Arrays are like the cereal aisle at the grocery store.

cereal-aisle

When you’re shopping and you see the cereal you want, it’s easy to just reach out and grab a box, no matter where it is on the shelf. If we want a box of Honey Nut Cheerios, we just find Honey Nut Cheerios and grab it; we don’t have to even glance at other cereals, and we don’t have to move anything or reorganize anything. As we’ll see later, linked lists do not have this property.

If we worked in the store and wanted to switch the positions of two cereals—say we wanted to swap Frosted Cheerios and Multi-Grain Cheerios—that’s also pretty easy. We just take out every box of Frosted Cheerios, put them on a cart, then take out every box of Multi-Grain Cheerios and put them in Frosted Cheerios’s former spot, then take the boxes of Frosted Cheerios off the cart and put them where Multi-Grain was.

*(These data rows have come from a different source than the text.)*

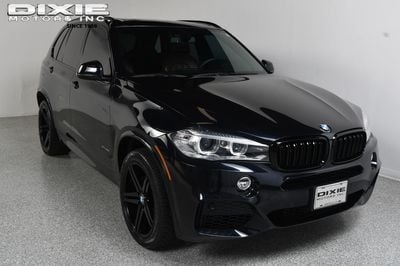 2015 BMW X5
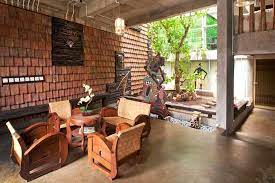 Maybe you would like to learn more about one of these? Nyaman Dan Sejuk Ini Dia Rumah Pedesaan Di Daerah Kota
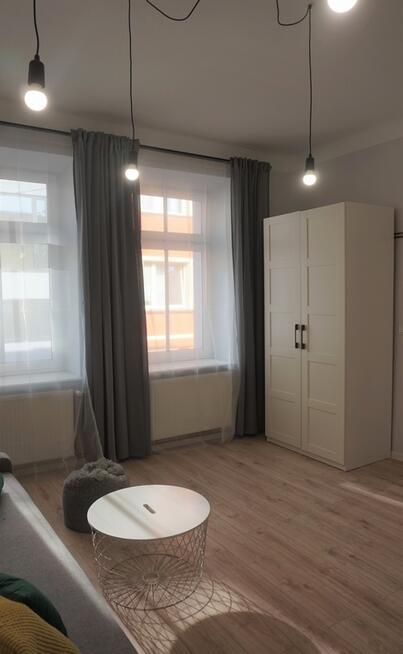1-pokojowe, Centrum Kongresowe, Pułaskiego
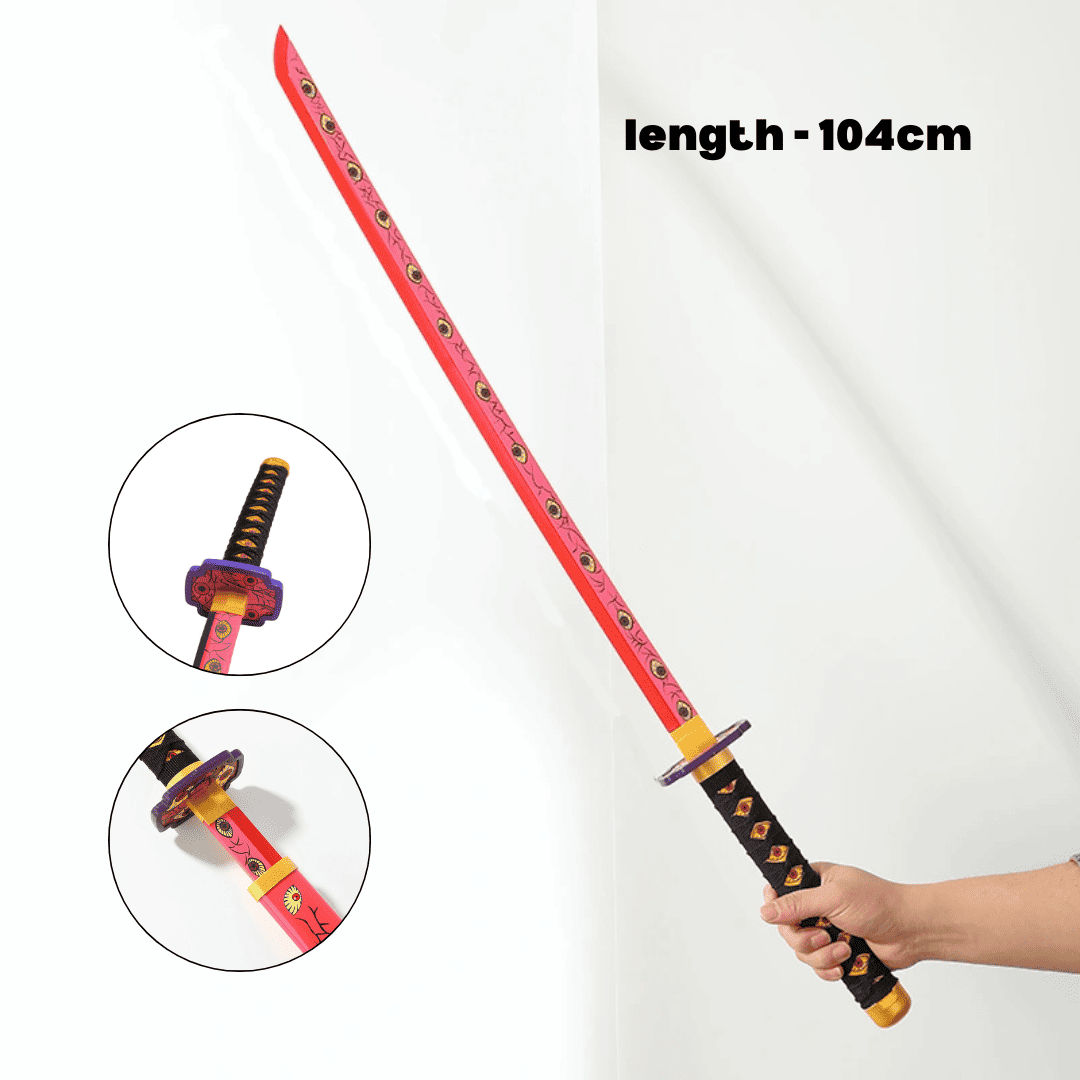 katana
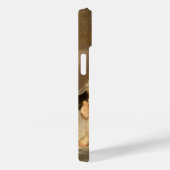 Sint-Antonius Case-Mate iPhone Case (Achterkant / Rechts)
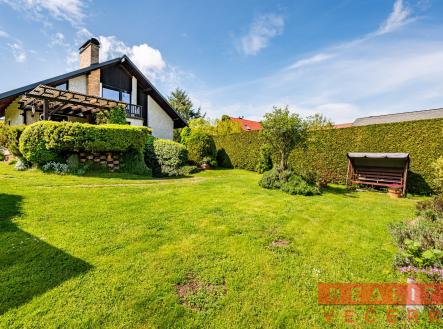 Prodej - dům/vila, 290 m²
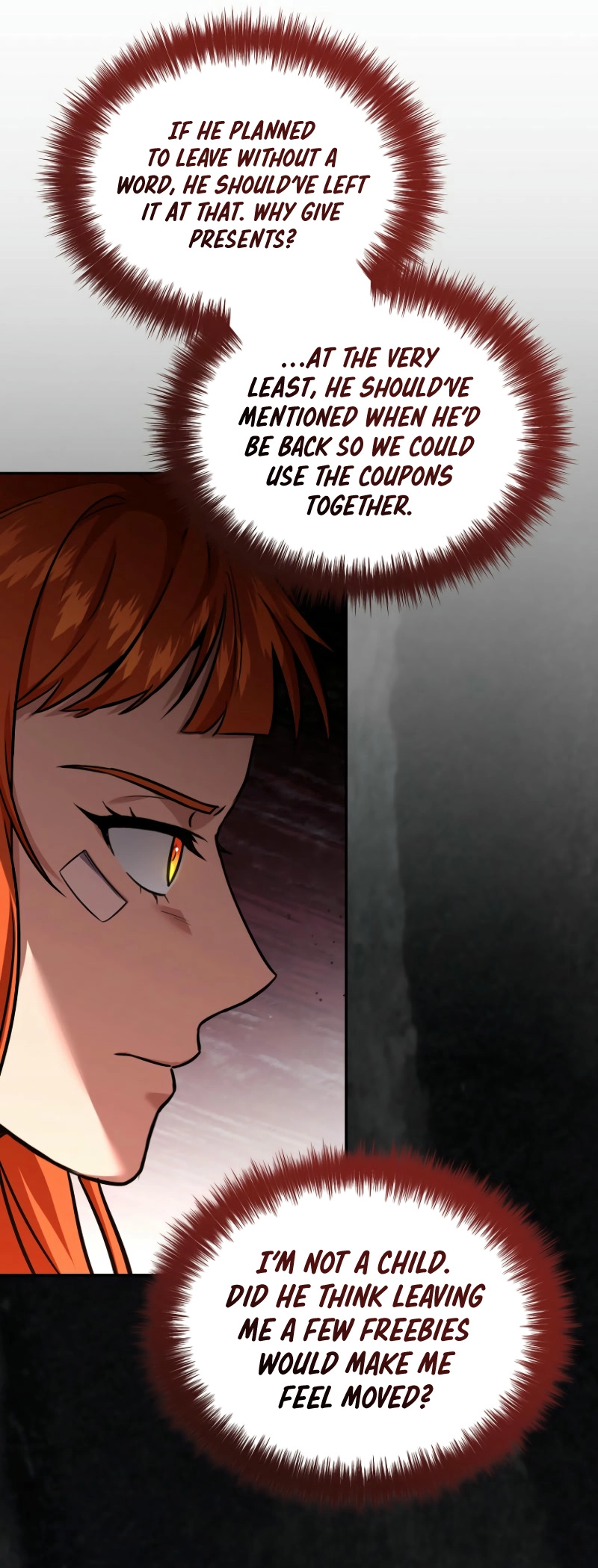 The Frozen Player Returns Chapter 164, page 20 of 50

On the other hand, it’s hard to add new things to the cereal aisle. Say that General Mills comes out with a new Crispy Baklava Cheerios, and we wanted to put it next to Honey Nut since they both have a honey theme to them. We’d have to move down whatever that is next to Honey Nut in the picture (Chocolate Cheerios?). But then to move down Chocolate, we’d have to move down what’s next to it, in the purple box. And to move down the purple boxes, we’d have to move down the blue boxes next to them, and so on. If the shelf has space left at the end, and we’re not too fussy about where the new cereal goes, it’s pretty fast to stick it in at the end. It won’t be with the other Cheerios, but maybe we can do a swap so that it’s at least in the Cheerios section, even if it’s not right next to Honey Nut. If the shelf is full, we just can’t do it; we have to replace something, or move everything to a new shelf with more space.

This is also like arrays. Arrays are fixed-size. If you run out of space, you have to allocate a new array with more space and move everything over to it. If you want to put something in the middle, you have to move down everything that comes afterward. Both of these things can end up being huge wastes of time if you do a lot of them.

There’s another way you could deal with arrays having a fixed size: make an array that’s way bigger than you think you’ll ever need. Then you shouldn’t ever run out of space. But this wastes memory; when you make an array of 200 elements to hold a string that contains someone’s first and last names, which usually comes out to less than 40 characters, you’re holding on to memory that could be used for other things. Sure, modern computers have lots and lots of memory, but there’s no need to squander it when there are better options, just for the off chance that you’ll have to handle Finnish names.

Dynamic arrays are arrays that deal with these problems automatically. They grow bigger as you add elements to them, so you don’t have to worry about running out of space. They also balance speed and memory usage; a typical dynamic array implementation sometimes has to allocate new chunks of memory, but it also leaves itself room to grow, while not squandering memory by holding on to tons of space that it won’t need.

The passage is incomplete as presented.